# Re: Factor

Factor: the language, the theory, and the practice.

## Substrings

Sunday, July 10, 2011

One year ago, I wrote about some new combinatoric functions that I wrote. I had a recent need for a couple of “substring” functions. Since I couldn’t find them in Factor’s standard library, I thought I would contribute these:

### all-subseqs

Our first word takes a sequence, and then returns all (consecutive) subsequences that can be found. In Factor, the grouping vocabulary provides a clumping feature that splits a sequence into overlapping, fixed-length, subsequences. We can use this to find clumps of every possible length to solve this problem:

``````USING: grouping kernel ranges sequences ;

: all-subseqs ( seq -- seqs )
dup length [1..b] [ <clumps> ] with map concat ;
``````

You can see how this works:

``````IN: scratchpad "abcd" all-subseqs .
{ "a" "b" "c" "d" "ab" "bc" "cd" "abc" "bcd" "abcd" }
``````

Note: we specifically don’t include the “empty” string in the results.

### longest-subseq

Several algorithms and implementations can be found for the longest common substring problem. Basically, we want a word that returns the longest (consecutive) substring that is common between two strings.

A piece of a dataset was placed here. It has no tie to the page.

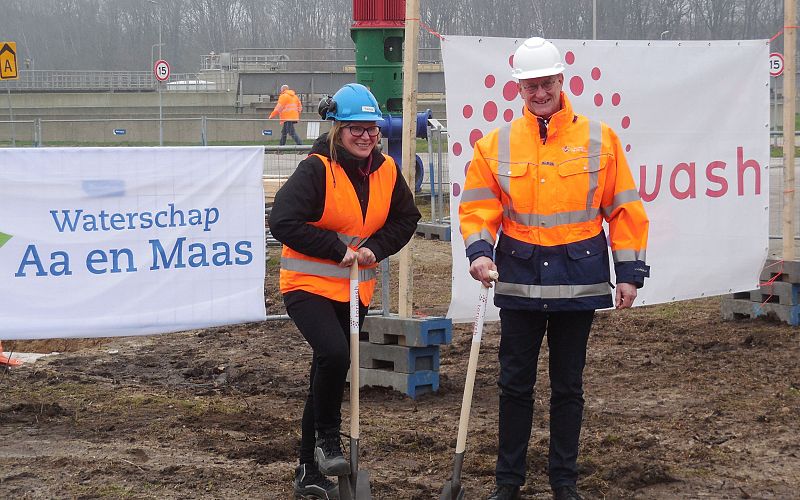 Last January 25, Pavlina Nanou (TORWASH b.v.) and Paul Bos (Waterschap Aa en Maas) fired the starting shot for the construction of the TORWASH demonstration plant at the RWZI Land van Cuijk by symbolically digging the first hole for the foundation.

Using locals, I translated the Python solution:

``````USING: arrays kernel locals math ranges sequences ;

:: longest-subseq ( seq1 seq2 -- subseq )
seq1 length :> len1
seq2 length :> len2
0 :> n!
0 :> end!
len1 1 + [ len2 1 + 0 <array> ] replicate :> table
len1 [1..b] [| x |
len2 [1..b] [| y |
x 1 - seq1 nth
y 1 - seq2 nth = [
y 1 - x 1 - table nth nth 1 + :> len
len y x table nth set-nth
len n > [ len n! x end! ] when
] [ 0 y x table nth set-nth ] if
] each
] each end n - end seq1 subseq ;
``````

Below, you can see how it works:

``````IN: scratchpad "abc" "def" longest-subseq .
""

IN: scratchpad "abcd" "abcde" longest-subseq .
"abcd"
``````

Note: don’t confuse this with the longest common subsequence problem (see substring vs. subsequence for more details), which is implemented in Factor by the lcs vocabulary.